▽

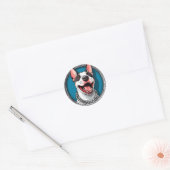 Schattige Glimlachende Bull Terrier 🐾 Vrolijke Ho Ronde Sticker (Envelop)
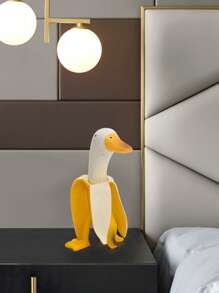 1入組香蕉鴨形樹脂裝飾人像帶卡通設計和搞笑表情桌子裝飾用品,生日禮物 - 黃色 - 查看 6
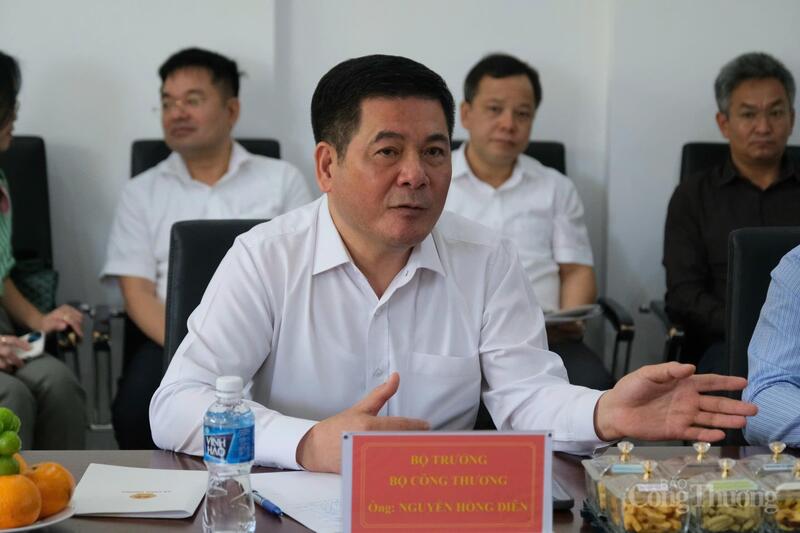 Bộ trưởng Nguyễn Hồng Diên phát biểu tại buổi làm việc.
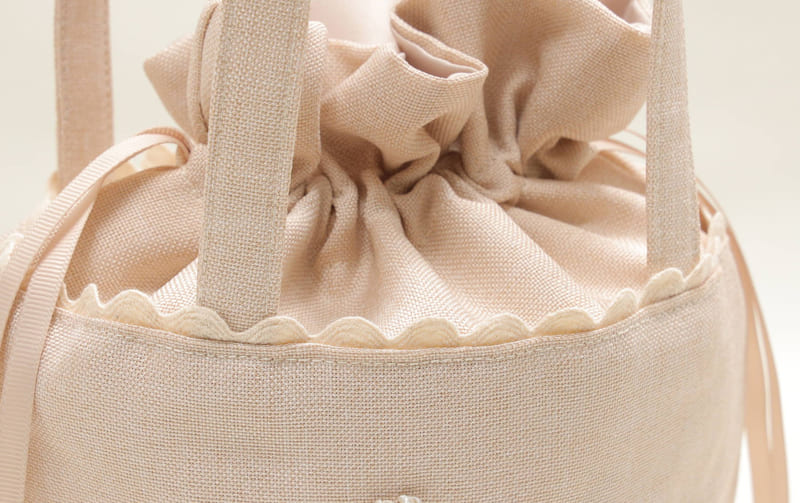 巾着バッグ リボン刺繍 約29×25×10cm [Rose Ruban]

△

BRIEF: Copy out, with no pictures, the lines from the one containing "1入組香蕉鴨形樹脂裝飾人像帶卡通設計和搞笑表情桌子裝飾用品,生日禮物 - 黃色" through the last line of the data above, both ends included and each word unchanged.

SOLUTION FOR THIS EXERCISE:
 1入組香蕉鴨形樹脂裝飾人像帶卡通設計和搞笑表情桌子裝飾用品,生日禮物 - 黃色 - 查看 6
 Bộ trưởng Nguyễn Hồng Diên phát biểu tại buổi làm việc.
 巾着バッグ リボン刺繍 約29×25×10cm [Rose Ruban]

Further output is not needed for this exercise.